10.7 The Customer is a bailee of the materials until such time as property in them passes to the Customer and this bailment continues in relation to all of the materials until the Price of the Contract has been paid in full.
10.8 Pending payment in full of the Price under the Contract, the Customer:
10.8.1 must not allow any person to have or acquire any security interest in the materials;
10.8.2 must insure the materials for their full insurable or replacement value (whichever is the higher) with any insurer licensed or authorised to conduct the business of insurance in the place where the Customer carries on business and the insurance company must be notified of the Contractor’s interest in the materials.
10.8.3 must not remove, deface or obliterate any identifying plate, mark or number on any of the materials.
10.9 Despite clause 10.8, if the Customer supplies any of the materials to any person before all moneys payable by the Customer have been paid to the Contractor (and have not been claimed or clawed-back by any person standing in the place of or representing the Customer or Third Party), the Customer agrees that:
10.9.1 it holds the proceeds of re-supply of the materials on trust for and as agent for the Contractor immediately when they are receivable or received;
10.9.2 it must either pay the amount of the proceeds of re-supply to the Contractor immediately when they are received or pay those proceeds into an account with a bank or financial institution or deposit-taking institution as trustee for the Contractor;
10.9.3 any accessory or item which accedes to any of the materials by an act of the Customer or of any person at the direction or request of the Customer becomes and remains the property of the Contractor until the Contractor is paid in accordance with clause 10.6 when the property in the materials passes to the Customer;
10.9.4 if the Customer fails to pay the Price within the period as stated in the Contract or is otherwise indebted to the Contractor, the Contractor may recover possession of the materials at any site owned, possessed or controlled by the Customer and the Customer agrees that the Contractor has an irrevocable licence to do so and to dispose of the equipment to recover costs.
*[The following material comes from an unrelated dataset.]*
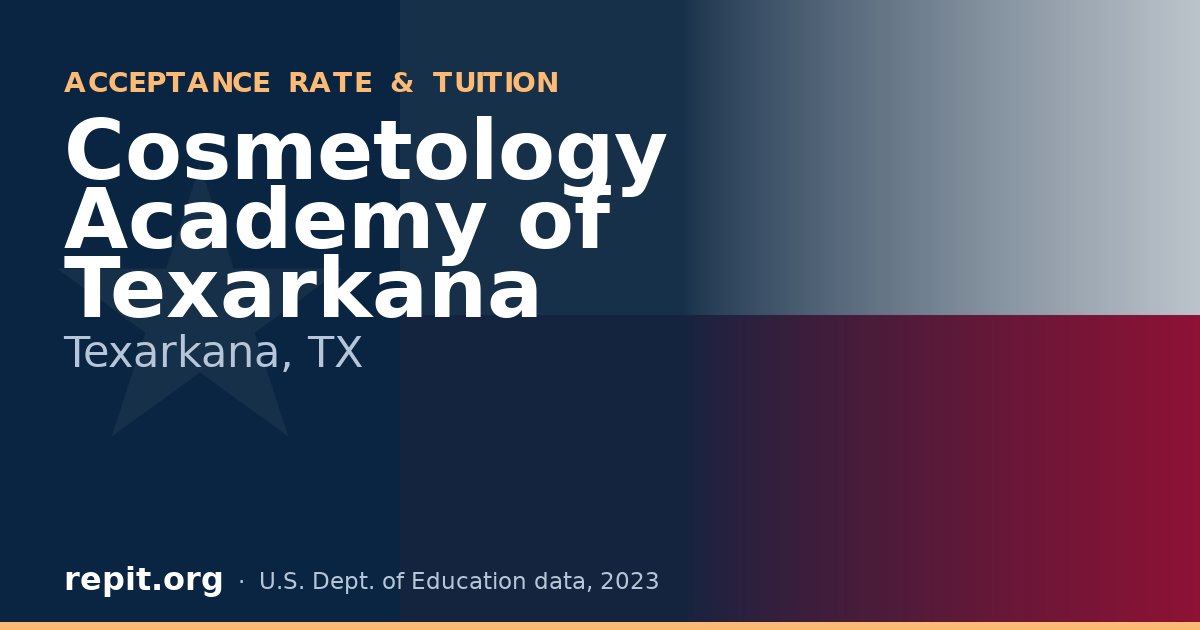 Cosmetology Academy of Texarkana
11.1 The Contractor’s Quotation is based on a continuous work programme, unless otherwise stated. If the Customer causes the Works to be delayed or delays are caused by any of the events in clause 9, then the performance of the Contractor’s obligations under this agreement or any Contract between the parties shall be suspended for the period of such delay and the Completion Date shall be extended accordingly.
11.2 Where the Contractor is entitled to an extension of time under this clause, the Customer shall pay to the Contractor such extra costs as are reasonably incurred by the Contractor by reason of the delay including compensation for loss of profit, additional overheads or administrative expenses incurred as a result.
12. PRACTICAL COMPLETION AND DEFECTS LIABILITY PERIOD
12.1 The Contractor shall complete the Works to Practical Completion on or before the Completion Date (as amended or varied by the terms hereof).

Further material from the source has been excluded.